You may want to provide a custom name for the stylesheet (css) file PDF Alchemist creates when converting a PDF document to an HTML export file. This could be useful if you are processing hundreds of files for multiple clients, and want to keep them distinct. Enter a value to assign a path and file name to the stylesheet file.The directory is created relative to the output directory. For example, you could name the style sheet file “JonesMFG.css,” in the directory “/style:”
-stylesheetPath style/jonesMFG.css
You can also specify an absolute path. If you use an absolute path, the product must be able to form a relative path from the HTML file to the style sheet file:
-stylesheetPath d:\pdfalchemist\output\style\jonesMFG.css
Defaults to stylesheet.css
-tableBorders

String, “always”/ “never”/ “detect”

By default PDF Alchemist identifies tables in a source PDF document and then formats those tables in the output file to match. If a table in the source PDF document has borders, it will appear with borders in the output file. If the original table does not have borders, the matching table in the HTML output file will not have borders.

This option allows you to format table borders in the output files however you like. You can export the tables in the PDF document so that all of them have borders, or so that none of them have borders.

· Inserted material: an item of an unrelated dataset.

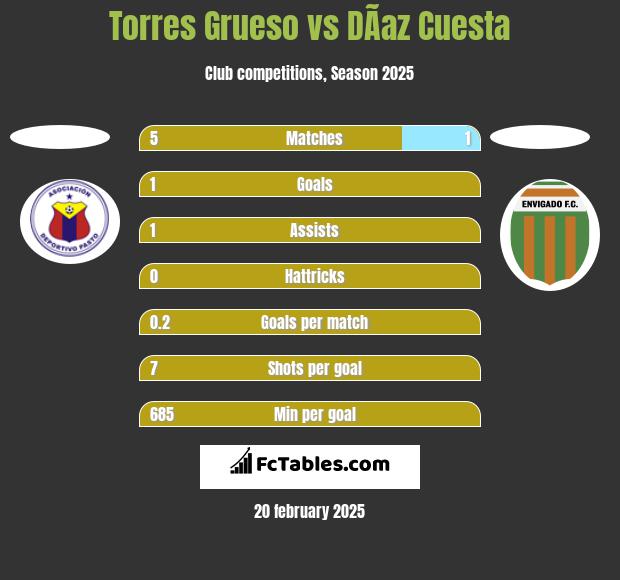 Torres Grueso vs DÃ­az Cuesta h2h player stats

  • always. Always add borders to tables in the export file. Tables that do not have borders in the source PDF document will have borders added.
  • never. Never add borders to tables in the export file. If a table in the source PDF document has borders, the borders will be removed.
  • detect. Export all tables as they appear in the source document, with borders or without borders.

Defaults to detect. PDF Alchemist by default emits tables to the export file to match the tables that appear in the source PDF document. Tables with borders will appear with borders, tables without borders will not have borders in the export file.

-tablesOnly

Boolean “true” or “false”

By default PDF Alchemist emits everything it finds in a source PDF document to an export HTML, XML or ePUB file. If you only want to export the content found in tables in the PDF file, you could use this option. The product will send the content that it identifies as tables to the export file and ignore everything else in the document, including standard text, images, and graphics.

Defaults to False. PDF Alchemist emits all content found in the PDF document to the export file.

-xsltStylesheetPath

Full path and file name for XSLT stylesheet file

 

Provide the file name and path for an XSLT stylesheet. The stylesheet will be used to transform the XML output file. XSLT (Extensible Stylesheet Language Transformations) is a language for transforming XML documents, or for converting XML files into other file formats. PDF Alchemist supports XSLT language up to version 1.1.

If you use -xsltStylesheetPath in creating output, you also need to define XML as the output file type with -outputFormat. The transformation you define in your XSLT stylesheet will be applied to PDF Alchemist’s XML output, and the result will be saved by default as a .txt file. You may override this default by specifying a custom file name and file extension using the -outputFilename option.

Default: None

Note: PDF Alchemist provides a sample XSLT spreadsheet called xmltocsv-tables.xslt that demonstrates how to convert a PDF document into a CSV export file.